Influence of doping nitrogen, sulfur, and phosphorus on activated carbons for gas adsorption of H₂, CH₄ and CO₂

Abstract

Hexagonally packed mesoporous silica (HMS) was used as a kind of template-like material to prepare heteroatom doped porous carbons from the polymerization reactions of resorcinol and formaldehyde in the HMS pore channels. Different acids (HNO₃, H₂SO₄, H₃PO₄) were used to catalyze the polymerization reactions to obtain N-doped, S-doped, and P-doped porous carbons, respectively. The adsorption properties of H₂, CH₄, and CO₂ were investigated on these doped carbon materials systematically.
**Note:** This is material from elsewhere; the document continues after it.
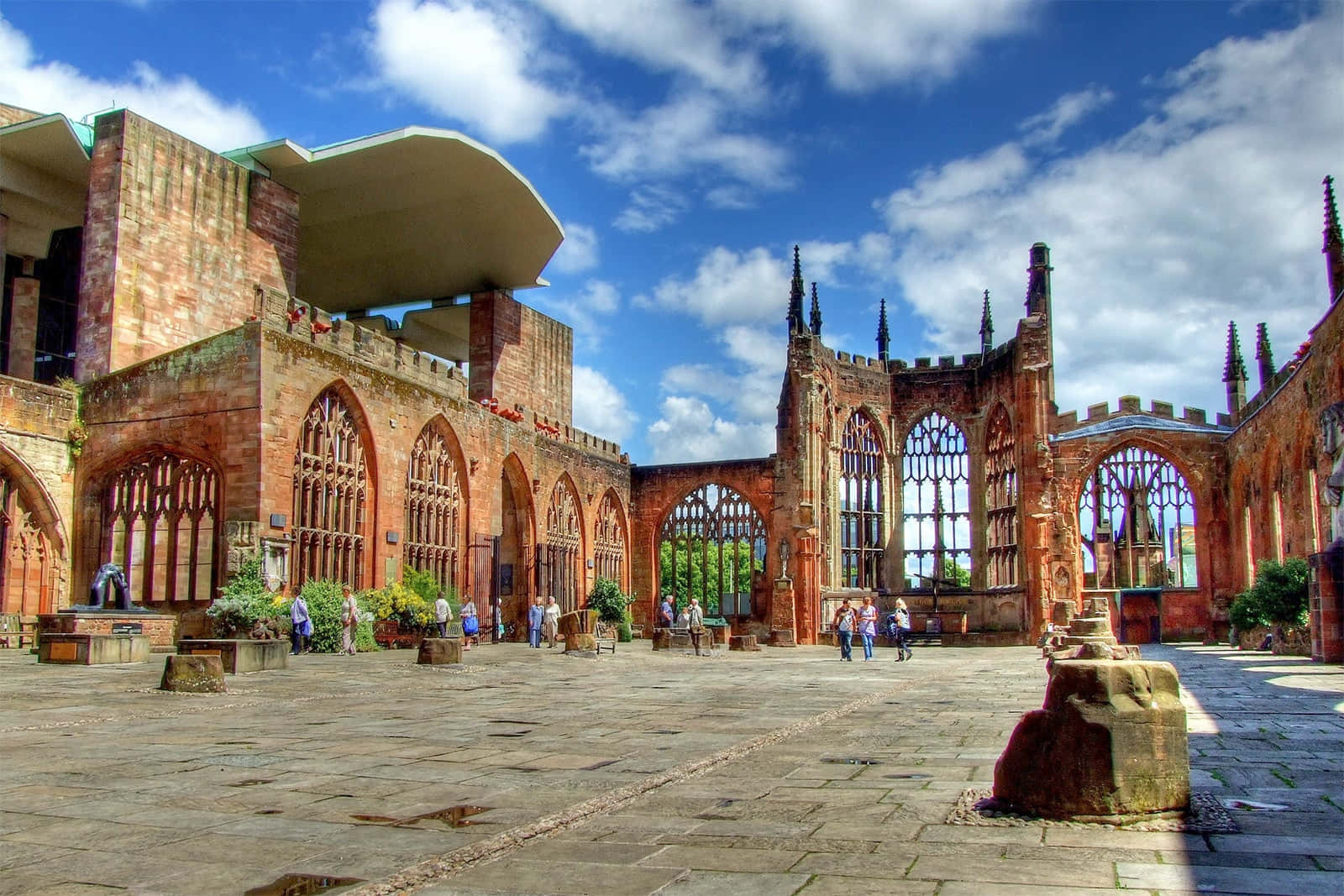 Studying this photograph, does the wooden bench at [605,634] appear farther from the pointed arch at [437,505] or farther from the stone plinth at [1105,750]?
the stone plinth at [1105,750]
For the hydrogen adsorption, the adsorption amount was 11.8%, 21.1%, and 33.3% higher on N-doped, S-doped, and P-doped porous carbons, respectively, than the carbon sample without doping, and the highest hydrogen uptake reached 14.88 mmol g⁻¹ on the P-doped sample; regarding the CO₂ adsorption, the adsorption amount reached 3.60 mmol g⁻¹ and 3.16 mmol g⁻¹ on the S-doped sample and N-doped sample, respectively, which is 39.5% and 22.5% higher than the sample without doping; it also shows that methane uptake amount was significantly increased by 27.1% on the S-doped sample as compared to the sample without doping, i.e., 3.52 mmol g⁻¹ of CH₄. Therefore, it is predicted that these doped carbon materials with high specific surface area are of great potential for the gas adsorption of H₂, CH₄, and CO₂.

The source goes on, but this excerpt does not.